Compare output of "apxs -q CPPFLAGS" with the value of _FILE_OFFSET_BITS in pyconfig.h.

For example, on my Fedora Core 4 i386 system (stock httpd and python):

$ /usr/sbin/apxs -q CPPFLAGS
-DSSL_EXPERIMENTAL_ENGINE

[note - no mention of _FILE_OFFSET_BITS above]


$ grep _FILE_OFFSET_BITS /usr/include/python2.4/pyconfig.h
#define _FILE_OFFSET_BITS 64


In case you're wondering, this is in relation to https://issues.apache.org/jira/browse/MODPYTHON-138 and to some degree https://issues.apache.org/jira/browse/MODPYTHON-20 and probably a few other "unexplained" issues.
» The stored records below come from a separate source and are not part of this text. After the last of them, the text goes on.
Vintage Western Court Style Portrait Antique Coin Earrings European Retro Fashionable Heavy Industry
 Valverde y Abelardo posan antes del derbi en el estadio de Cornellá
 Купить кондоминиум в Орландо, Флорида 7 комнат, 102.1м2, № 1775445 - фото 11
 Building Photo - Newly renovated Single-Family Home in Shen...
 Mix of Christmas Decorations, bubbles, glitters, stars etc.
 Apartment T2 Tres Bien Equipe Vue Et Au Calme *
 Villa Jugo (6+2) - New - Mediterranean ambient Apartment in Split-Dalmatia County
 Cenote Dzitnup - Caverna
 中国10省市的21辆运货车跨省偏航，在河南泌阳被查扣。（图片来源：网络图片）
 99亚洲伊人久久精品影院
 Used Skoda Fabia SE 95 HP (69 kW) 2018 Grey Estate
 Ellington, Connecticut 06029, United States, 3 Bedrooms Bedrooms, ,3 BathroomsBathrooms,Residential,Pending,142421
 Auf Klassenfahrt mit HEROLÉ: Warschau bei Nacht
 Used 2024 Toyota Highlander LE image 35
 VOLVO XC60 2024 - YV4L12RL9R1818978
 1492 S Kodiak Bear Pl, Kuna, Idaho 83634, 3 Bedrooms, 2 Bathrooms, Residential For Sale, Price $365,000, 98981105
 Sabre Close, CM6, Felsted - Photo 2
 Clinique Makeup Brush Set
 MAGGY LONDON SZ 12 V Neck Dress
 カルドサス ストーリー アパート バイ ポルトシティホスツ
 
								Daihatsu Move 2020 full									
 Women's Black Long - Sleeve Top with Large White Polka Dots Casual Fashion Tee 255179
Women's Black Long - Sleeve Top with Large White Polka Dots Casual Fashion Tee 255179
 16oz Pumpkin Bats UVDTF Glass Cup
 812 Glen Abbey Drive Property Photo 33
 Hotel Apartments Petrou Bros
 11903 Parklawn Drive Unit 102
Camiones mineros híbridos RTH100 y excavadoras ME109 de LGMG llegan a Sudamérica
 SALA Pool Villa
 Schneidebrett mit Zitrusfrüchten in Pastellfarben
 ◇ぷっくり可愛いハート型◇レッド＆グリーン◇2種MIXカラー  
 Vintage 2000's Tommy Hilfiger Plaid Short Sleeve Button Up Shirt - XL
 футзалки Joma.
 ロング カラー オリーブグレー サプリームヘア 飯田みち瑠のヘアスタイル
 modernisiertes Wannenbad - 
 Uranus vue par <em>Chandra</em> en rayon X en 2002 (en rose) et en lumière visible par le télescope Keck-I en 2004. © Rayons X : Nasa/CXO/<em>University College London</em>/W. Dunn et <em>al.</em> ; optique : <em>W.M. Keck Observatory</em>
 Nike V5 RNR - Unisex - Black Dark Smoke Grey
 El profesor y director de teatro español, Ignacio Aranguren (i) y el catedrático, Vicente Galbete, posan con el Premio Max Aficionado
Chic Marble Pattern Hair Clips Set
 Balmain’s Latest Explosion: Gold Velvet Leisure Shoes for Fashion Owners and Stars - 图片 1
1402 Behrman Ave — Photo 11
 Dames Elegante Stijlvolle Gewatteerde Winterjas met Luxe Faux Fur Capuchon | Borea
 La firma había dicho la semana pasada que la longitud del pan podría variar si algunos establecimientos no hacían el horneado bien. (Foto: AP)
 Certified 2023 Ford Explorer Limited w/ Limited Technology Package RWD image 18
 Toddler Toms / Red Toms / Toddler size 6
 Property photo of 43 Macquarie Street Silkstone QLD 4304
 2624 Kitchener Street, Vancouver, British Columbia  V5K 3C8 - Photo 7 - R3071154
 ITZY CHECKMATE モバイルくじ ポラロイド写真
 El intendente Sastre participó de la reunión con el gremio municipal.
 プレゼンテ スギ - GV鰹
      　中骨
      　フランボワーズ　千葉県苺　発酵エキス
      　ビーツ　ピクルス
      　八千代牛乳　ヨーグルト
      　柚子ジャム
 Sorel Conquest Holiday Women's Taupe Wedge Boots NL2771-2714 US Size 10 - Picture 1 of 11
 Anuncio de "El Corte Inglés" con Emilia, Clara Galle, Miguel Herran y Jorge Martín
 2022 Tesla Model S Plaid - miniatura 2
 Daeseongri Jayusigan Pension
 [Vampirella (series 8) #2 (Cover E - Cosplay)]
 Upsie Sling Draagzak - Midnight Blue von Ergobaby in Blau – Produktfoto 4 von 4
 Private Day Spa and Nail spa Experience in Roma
What the output on Fedora Core 4 means is that essentially Python and APR/httpd are compiled in an incomatible way - in APR the size of an inode (ino_t) is 32 bits and in Python it is 64 bits (this is what _FILE_OFFSET_BITS 64 does).

This issue goes unnoticed when Python.h is included after http.h, but becomes very obvious if you put Python.h before http.h - httpd will segfault on the first request because the request_rec (which includes finfo, which includes ino_t inode) becomes incompatible between httpd and mod_python and anything past finfo in request_rec structure is junk (off by 4 bytes).

I wanted to see how widespread this problem is. I think the right solution is for configure to catch this (exactly how to best detect this I'm not yet sure) and stop cold.